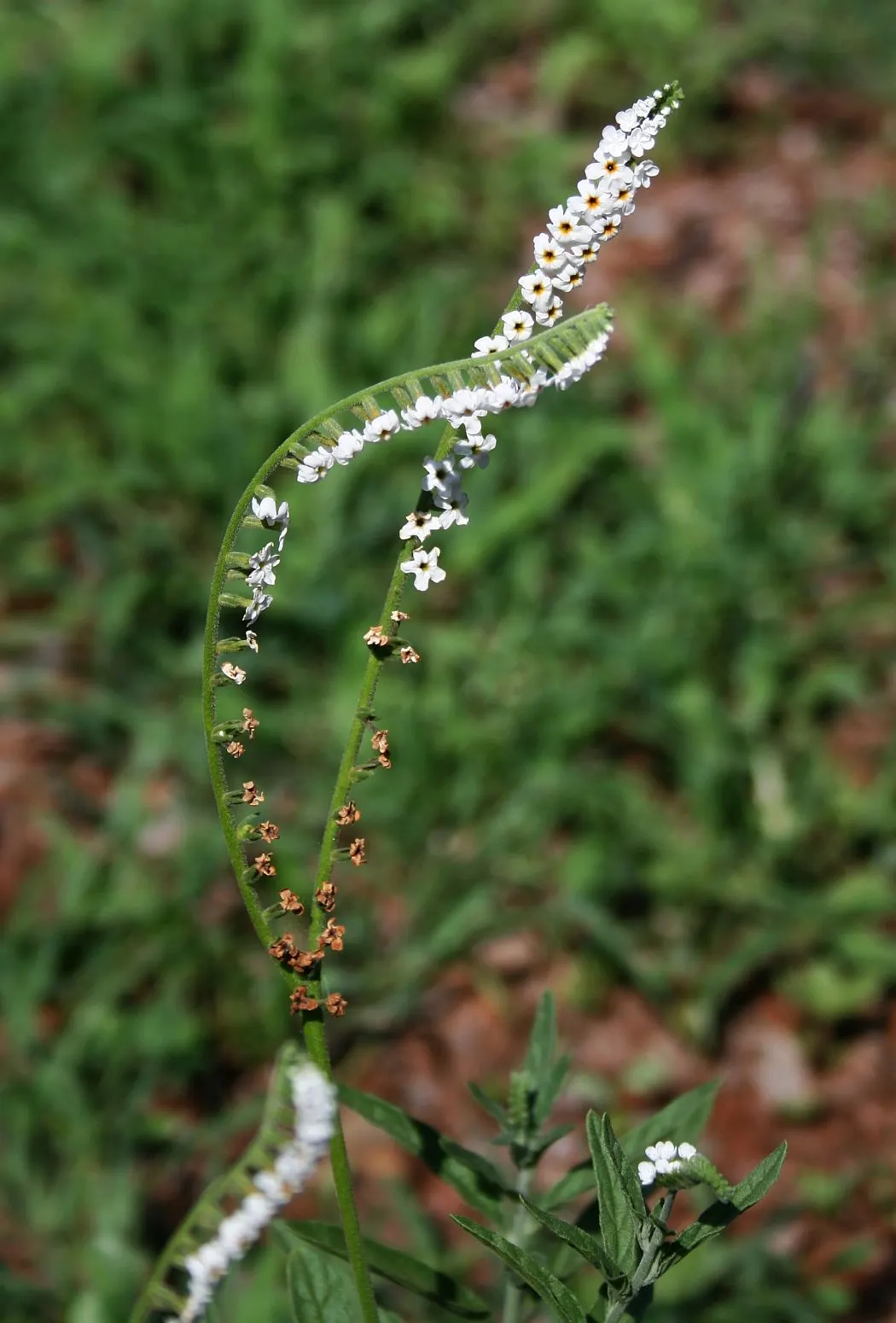 Common Heliotrope (Heliotropium Arborescens) — that all parts of the plant are toxic if ingested and should be handled with care; especially in hotter regions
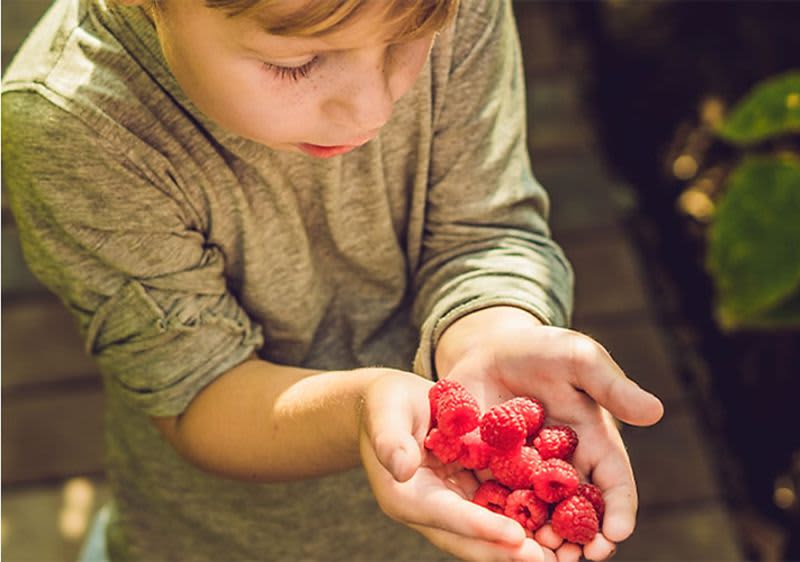 Kind hält Himbeeren in der Hand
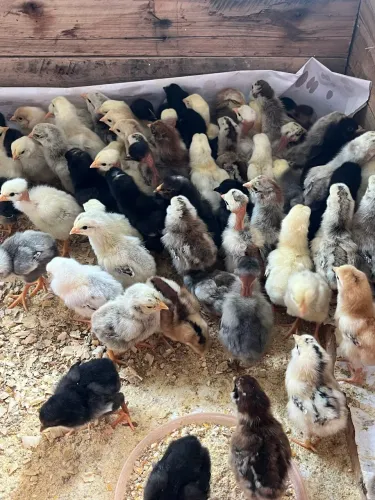 Venda de pintinhos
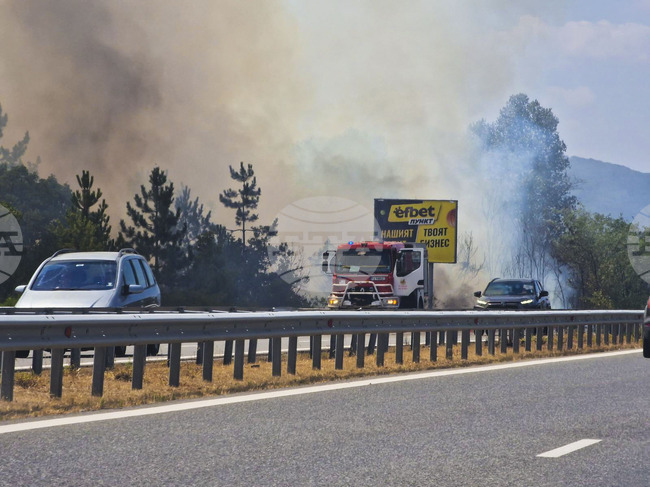 Сухи треви и храсти са се запалили при 73-тия км на магистрала „Тракия“, движението се регулира от „Пътна полиция“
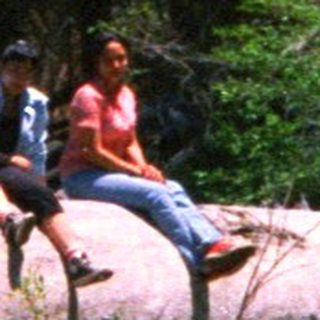 People sit on a log spanning a river in woods.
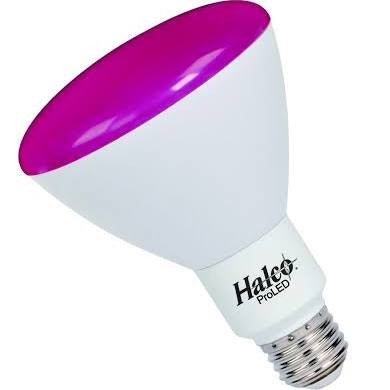 Halco 80166 - BR30FL9/PNK/LED BR30 Flood LED Light Bulb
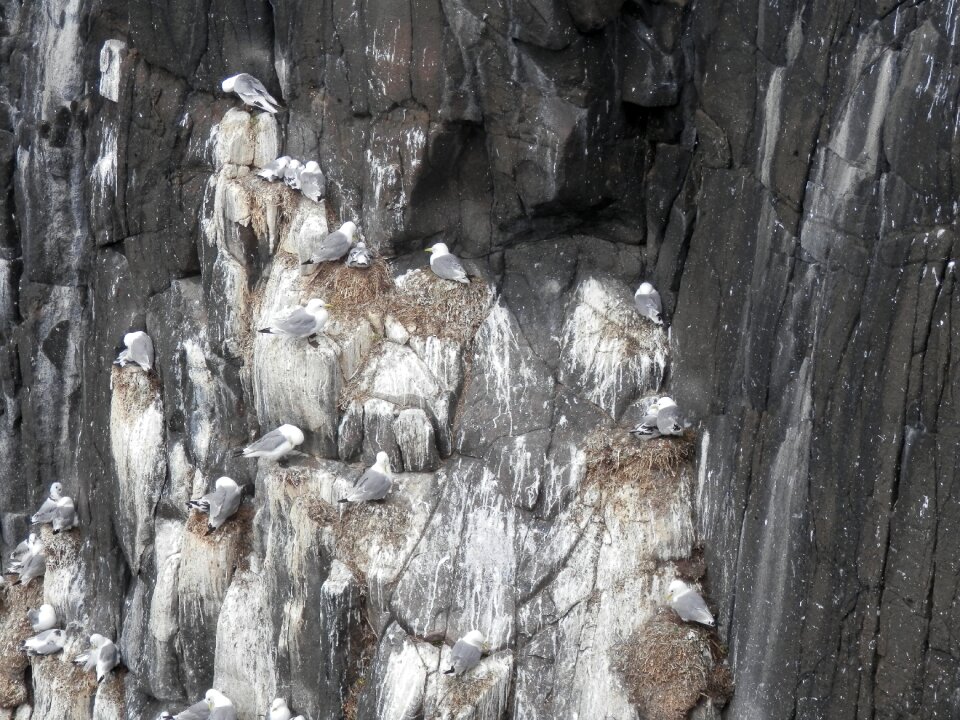 Cliffs animal gull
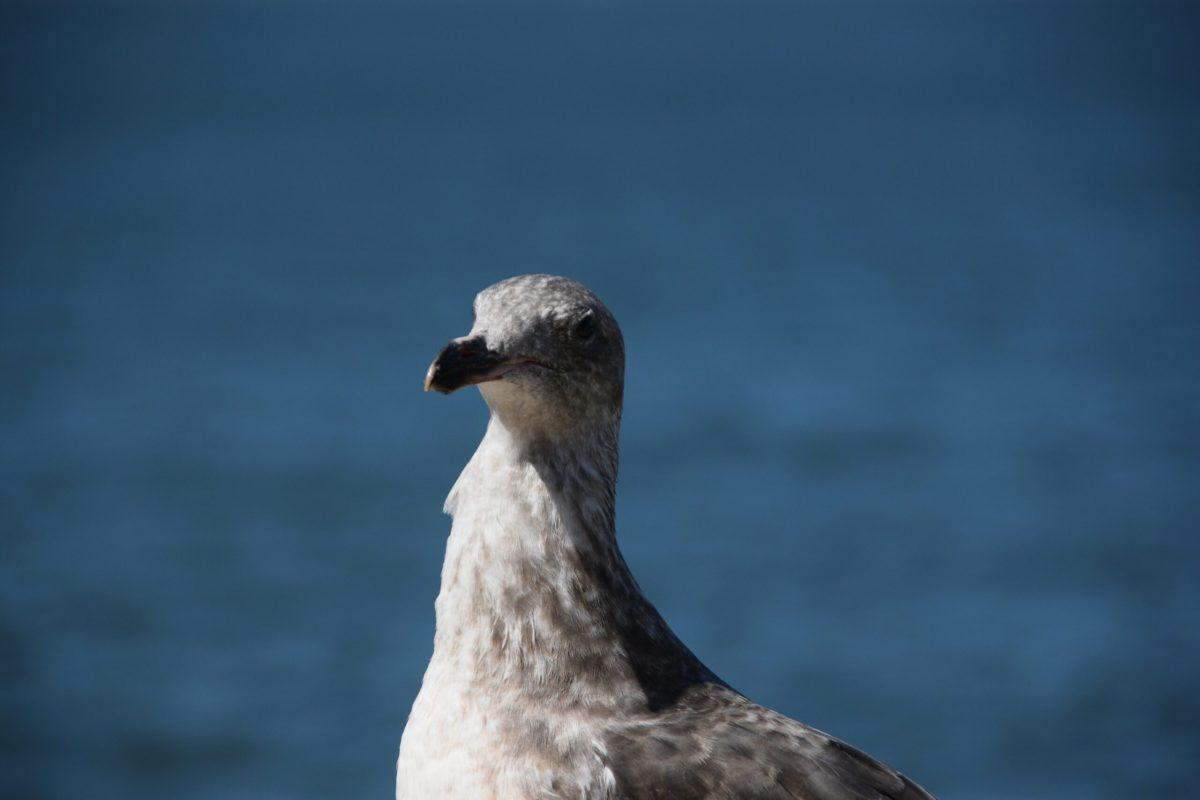 Seagulls to Replace Internet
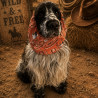 Snood Wild and Free Orange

- Exercise instructions -
Nothing but the lines from the one that holds "Seagulls to Replace Internet" through the end of the data should appear, written out exactly, without pictures.

- Result of the exercise -
 Seagulls to Replace Internet
 Snood Wild and Free Orange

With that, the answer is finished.